UI… ujujuj… oder «pfui»? Wenn das User Interface gegen uns arbeitet

Nicht alles, was sich technisch umsetzen lässt, ist auch wirklich userfreundlich. Web-Experte Alex Kereszturi zeigt uns 3 User-Interface-Features, bei denen sich ein wohlüberlegter Einsatz lohnt.

Autor/in Alex Kereszturi
Datum 04.12.2019
Lesezeit 9 Minuten

Meine Französischkenntnisse haben zwar gerade mal so gereicht, die Maturitätsprüfungen zu bestehen, aber auf eines war ich schon als Teenager stolz: ich wusste, was «l’art pour l’art» bedeutet. Die Kunst um der Kunst willen.

Mit dem griechischen Ausdruck «Autotelie» könnte man das in einem Wort zusammenfassen. Wahrscheinlich würden viele aber Auto-Teile lesen und wären dann von folgendem Inhalt leicht enttäuscht.

In diesem Blog-Beitrag geht es nämlich nicht um Autozubehör – auch wenn sich da gute Analogien finden lassen würden – , sondern um gute bzw. nicht so gute User-Interface-Elemente.

Mache Entwickler bauen nämich UI-Elemente einfach um der UI-Elemente-Willen in ihre Anwendungen ein.

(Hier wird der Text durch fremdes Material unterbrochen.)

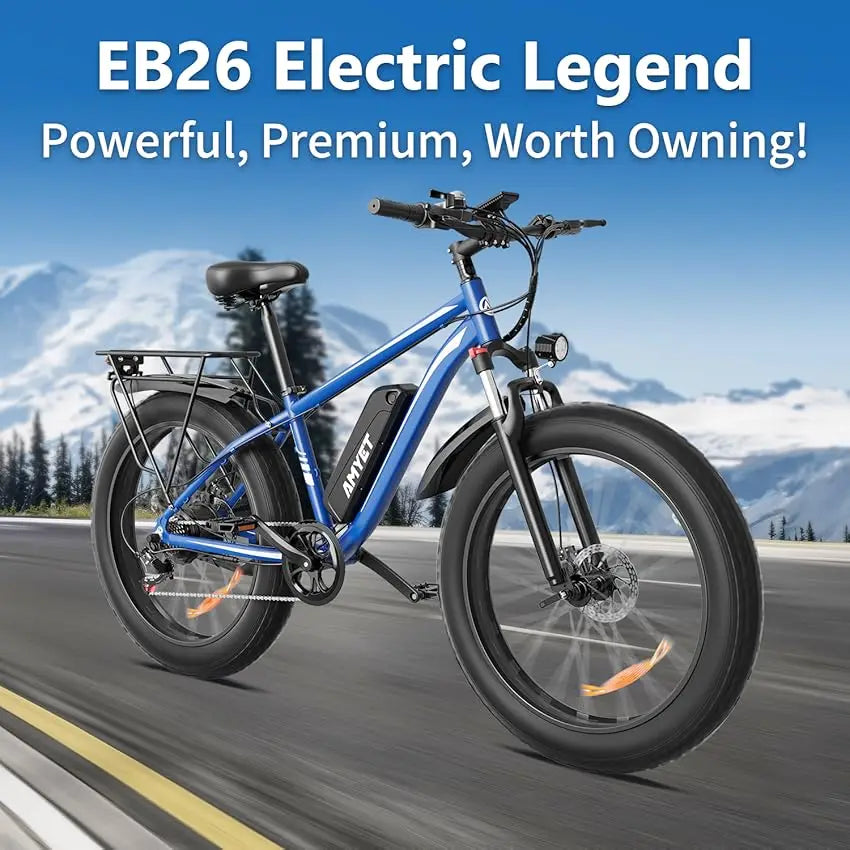 Electric 26" Fat Tire Mountain Bike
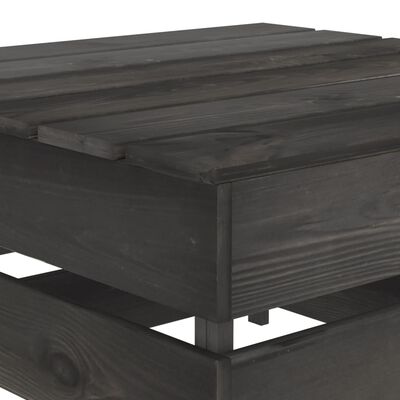 vidaXL طاولة طبليات للحديقة خشب صنوبر مُشرَّب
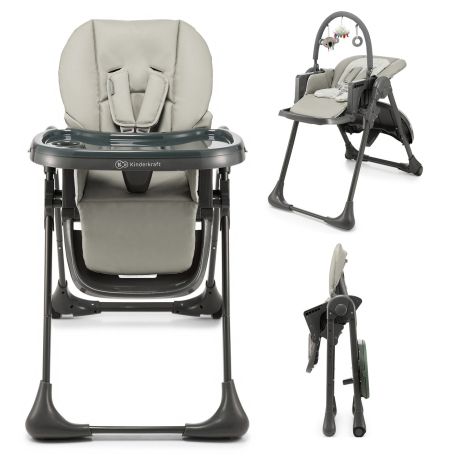 Стульчик для кормления Kinderkraft Tummie Grey (KHTUMM00GRY0000)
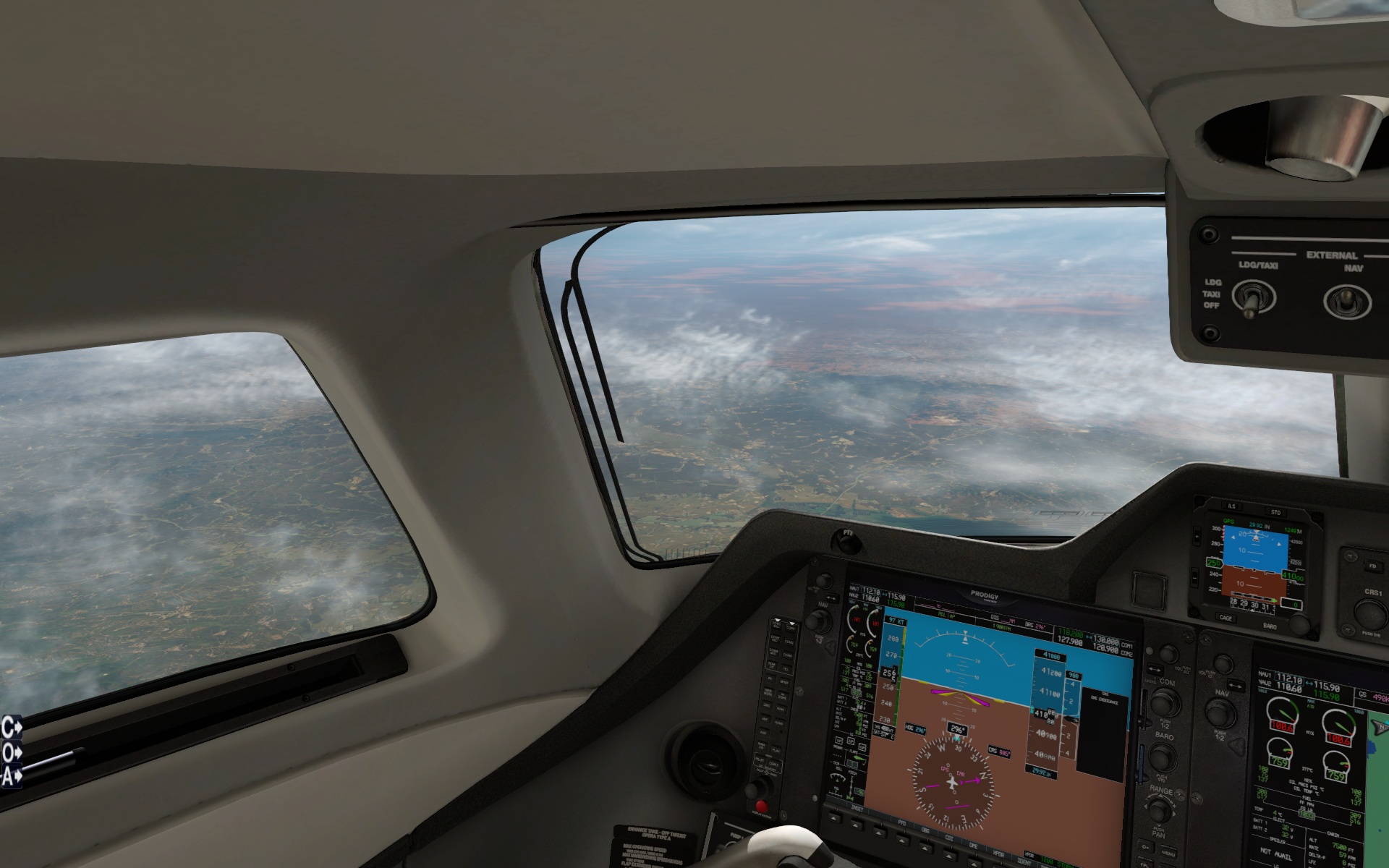 XPLANE-11 41000英尺下的长春上空-1628 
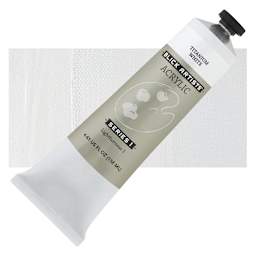 Blick Artists' Acrylic - Titanium White, 4.65 oz tube and swatch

Warum das keinen Sinn macht und ein paar entsprechende Fehl-Überlegungen als Negativbeispiele gibt’s in diesem Blogbeitrag.

Erst einmal das Problem: Wie definiert man «gut»?

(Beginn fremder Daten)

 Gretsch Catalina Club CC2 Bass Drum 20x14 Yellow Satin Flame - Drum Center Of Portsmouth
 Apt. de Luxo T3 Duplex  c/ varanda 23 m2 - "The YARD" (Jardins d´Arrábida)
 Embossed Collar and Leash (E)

Um hier nicht ins Philosophische abzuschweifen, mache ich es kurz: Wie «gut» definiert ist, hängt einzig und allein davon ab, wie es definiert wird. Das klingt jetzt etwas blöd, ist aber tatsächlich so.

Machen wir ein Beispiel: Wollen Sie ein «gutes» Auto kaufen, dann sind Sie alleine die Person, die definiert, was «gut» genau ist! Ist «gut» für Sie ein sparsames Auto oder eines mit vielen Sitzplätzen? Wollen Sie lieber einen Diesel oder ein Elektroauto? Wenn Sie viele und schwere Waren zu transportieren haben, ist ein PickUp «gut». Wenn Sie in der Stadt schnell und wendig einen Parkplatz finden wollen, ist ein PickUp eher «nicht gut» geeignet.

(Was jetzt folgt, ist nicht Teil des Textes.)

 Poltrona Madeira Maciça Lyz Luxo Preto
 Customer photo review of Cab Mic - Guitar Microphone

Tja, was ist also «gut»? Ist «gut», das was nützlich ist? Ist «gut», das was moralisch «richtig» ist?

Die Antwort finden wir nur, wenn wir unsere Ziele kennen! Stellen Sie sich also immer wieder die Frage:

«Welches Ziel wollen wir (mit unserer Webseite) erreichen?»

Ist Ihr Ziel, zu zeigen, dass Sie in der Lage sind möglichst tolle Gadgets auf Ihrer Website einzubauen? Dann brauchen Sie nicht mehr weiter zu lesen. Geht Ihr Ziel aber eher in Richtung der Kundengewinnung oder des Umsatz-Generierens, könnte Sie das Folgende interessieren.

Eine Lösung: Gebrauchstauglichkeit

Wann taugt ein User-Interface?

Dieser Frage verpflichtet haben sich die Anhänger des «User Centered Design» – zu deutsch etwa «Nutzerorientierte Gestaltung» – welche gemäss Wikipedia «den (zukünftigen) Nutzer eines Produktes mit seinen Aufgaben, Zielen und Eigenschaften in den Mittelpunkt des Entwicklungsprozesses» stellen.

Und wieder sind es die Ziele – dieses Mal jene des Nutzers – welche definieren, was «gut» ist! Aus Erfahrung weiss ich, dass Entwickler dazu neigen, ganz genau zu «wissen», was gut für die User ist. Oft ein Trugschluss.

Mein Ziel ist auch dein Ziel!?

Eines meiner Lieblingsbeispiele, das zeigt, wie weit die Ziele der Designer von jenen der Nutzer entfernt sein können, dies finden Sie hier.

Dabei handelt es sich (zum Glück) lediglich um ein Experiment.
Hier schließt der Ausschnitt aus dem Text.